The persistent murine norovirus strain MNVCR6 is a model for human norovirus and enteric viral persistence. MNVCR6 causes chronic infection by directly infecting tuft cells, rare chemosensory epithelial cells. Although MNVCR6 induces functional MNV-specific CD8+ T cells, these lymphocytes fail to clear infection.
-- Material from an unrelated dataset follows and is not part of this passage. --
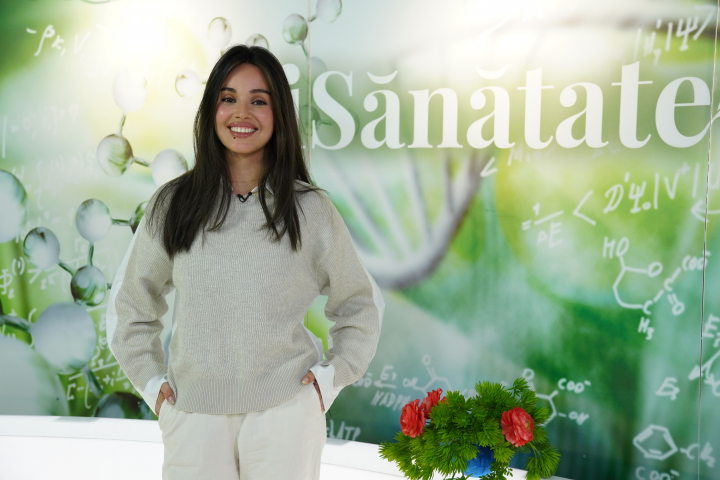 Curaj și putere! Află sâmbătă, la iSănătate, povestea Varvarei Oprea, influencerița care a învins lupta cu cancerul mamar - VIDEO Curaj și putere! Află sâmbătă, la iSănătate, povestea Varvarei Oprea, influencerița care a învins lupta cu cancerul mamar - VIDEO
To clarify how tuft cells promote immune escape, we interrogated tuft cell interactions with CD8+ T cells by adoptively transferring JEDI (Just EGFP Death Inducing) CD8+ T cells into tuft cell reporter mice (Gfi1b-GFP). Surprisingly, some tuft cells partially resist JEDI CD8+ T cell-mediated killing – unlike Lgr5+ intestinal stem cells and extraintestinal tuft cells – despite seemingly normal antigen presentation. When targeting tuft cells, JEDI CD8+ T cells predominantly adopt a T resident memory phenotype with decreased effector and cytotoxic capacity, enabling tuft cell survival. Importantly, JEDI CD8+ T cells neither clear nor prevent MNVCR6 infection in the colon, the site of viral persistence, despite targeting a virus-independent antigen (e.g., GFP). Overall design: To investigate the effector function of JEDI CD8+ T cells in the colonic epithelium of mice targeting Gfi1b-GFP+ tuft cells or Lgr5-GFP+ stem cells

持续性鼠诺如病毒毒株MNVCR6是人类诺如病毒（human norovirus）与肠道病毒持续性感染的研究模型。MNVCR6通过直接感染簇细胞（tuft cell）——一类罕见的化学感应上皮细胞——引发慢性感染。尽管MNVCR6可诱导产生具有功能的MNV特异性CD8+ T细胞，但这类淋巴细胞无法清除感染。 为阐明簇细胞介导免疫逃逸的具体机制，我们通过将JEDI（Just EGFP Death Inducing）CD8+ T细胞过继转移至簇细胞报告小鼠（Gfi1b-GFP）体内，探究了簇细胞与CD8+ T细胞的相互作用。令人意外的是，尽管抗原呈递过程看似正常，但部分簇细胞可部分抵抗JEDI CD8+ T细胞介导的杀伤——这一表现与Lgr5阳性肠道干细胞及肠外簇细胞截然不同。 当靶向簇细胞时，JEDI CD8+ T细胞主要呈现组织驻留记忆表型（T resident memory phenotype），其效应功能与细胞毒性均显著下降，从而使得簇细胞得以存活。 尤为重要的是，尽管JEDI CD8+ T细胞靶向的是非病毒抗原（如GFP，即绿色荧光蛋白（green fluorescent protein）），但它们既无法清除也无法阻止结肠内的MNVCR6感染——而结肠正是病毒持续性感染的主要发生部位。 整体实验设计：为探究靶向Gfi1b-GFP阳性簇细胞或Lgr5阳性干细胞的小鼠结肠上皮中JEDI CD8+ T细胞的效应功能。